UK mulls next move on mobile termination rates

The UK’s regulator, Ofcom, has published a review of how to regulate mobile termination rates from 2011, when the current regime ends, to 2015.

Ed Richards, CEO, Ofcom, stated, “The role of termination rates in mobile services has attracted enormous controversy. That is why we are determined to examine them from first principles. This consultation gives consumers and industry an opportunity to debate the fundamental questions.”

3, the UK’s smallest operator in terms of subscribers, is launching a campaign later today to publicise and explain the issue to consumers, spearheaded by CEO Kevin Russell. A spokesperson wouldn’t give details, but said it will emphasise how the current regime is anti-competitive because termination rates leave limited room for manoeuvre on price and bundling, and bears no relation to the cost involved in terminating calls.

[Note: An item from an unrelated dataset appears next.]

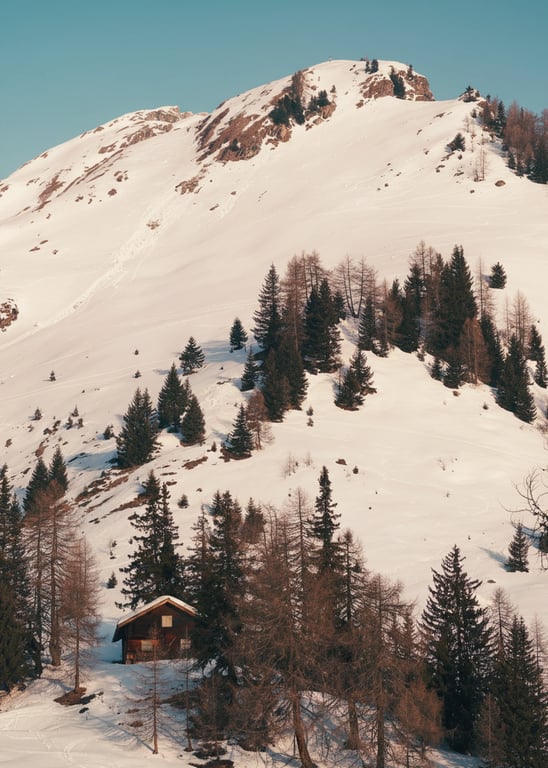 Transform your photos with kaze ai's image tinter, offering precise color adjustments for perfect mood enhancement. Ideal for photographers, designers, and social media enthusiasts looking to add a creative touch to their visuals.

3 has campaigned long and hard for a more dramatic reduction in termination fees on the grounds that it pays a disproportionate amount to other network operators for terminating calls that originated on its network. Last summer Russell gave evidence on the subject to the Competition Commission.

Ofcom’s consultation sets out six options including maintaining the current system, which has already seen rates come down year on year, to a system where the customer’s own network is responsible for all costs of making and receiving phone calls.

Ofcom says that some of the review’s options are “radical” alternatives to the current arrangements and says most of the options are likely to reduce the termination rates, although it expresses the opinion that the possible outcome of the deregulatory option – whereby termination regulation will be abandoned in favour of a free market option – is “uncertain”.

In 2007 Ofcom set the framework for wholesale termination rates to fall annually until 2011, resulting in them dropping by about a quarter over that period. The review looks at how rates could be set from 2011 to 2015, allowing a consultation period before the current regime expires.